Data Augmentation

Assessing data augmentation on our training data split to increase the number of quality training samples.

Goku Mohandas

Subscribe to our newsletter

📬 Receive new lessons straight to your inbox (once a month) and join 40K+ developers in learning how to responsibly deliver value with ML.

Intuition

We'll often want to increase the size and diversity of our training data split through data augmentation. It involves using the existing samples to generate synthetic, yet realistic, examples.

Split the dataset. We want to split our dataset first because many augmentation techniques will cause a form of data leak if we allow the generated samples to be placed across different data splits.

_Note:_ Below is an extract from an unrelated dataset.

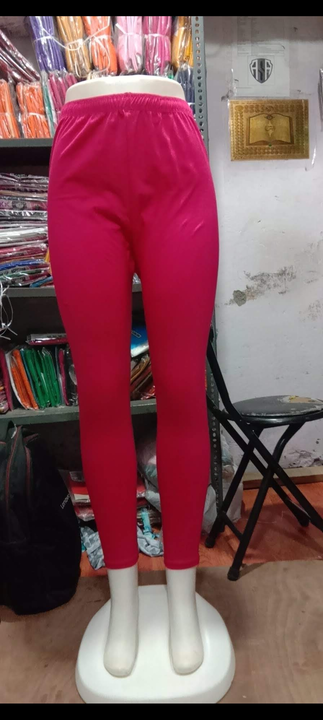 Falak Ankle Length Legging for ,(30 colors)Availabals  uploaded by business on 3/21/2023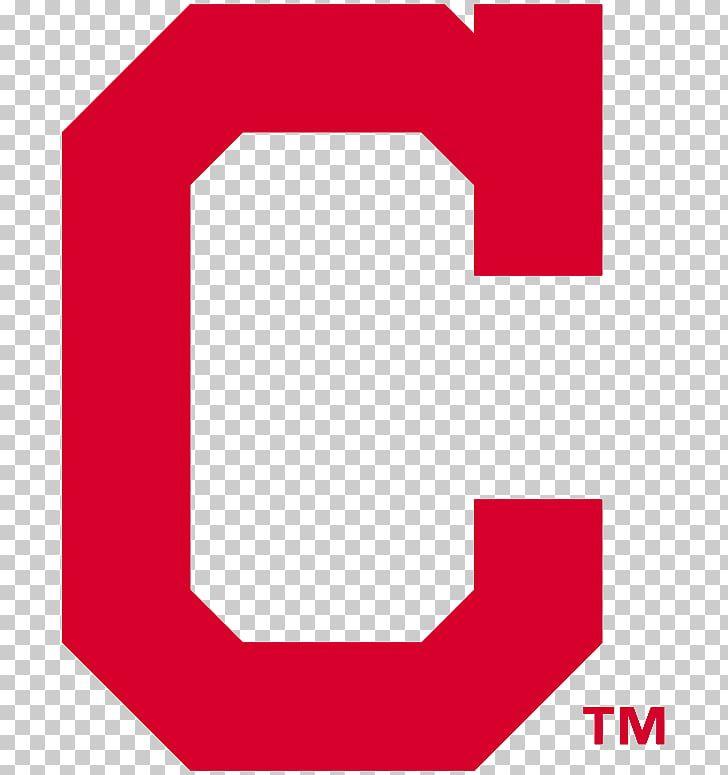 MLB C Logo - 2014 Cleveland Indians season MLB Columbus Clippers Lake County ...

For example, some augmentation involves generating synonyms for certain key tokens in a sentence. If we allow the generated sentences from the same origin sentence to go into different splits, we could be potentially leaking samples with nearly identical embedding representations across our different splits.
Augment the training split. We want to apply data augmentation on only the training set because our validation and testing splits should be used to provide an accurate estimate on actual data points.
Inspect and validate. It's useless to augment just for the same of increasing our training sample size if the augmented data samples are not probable inputs that our model could encounter in production.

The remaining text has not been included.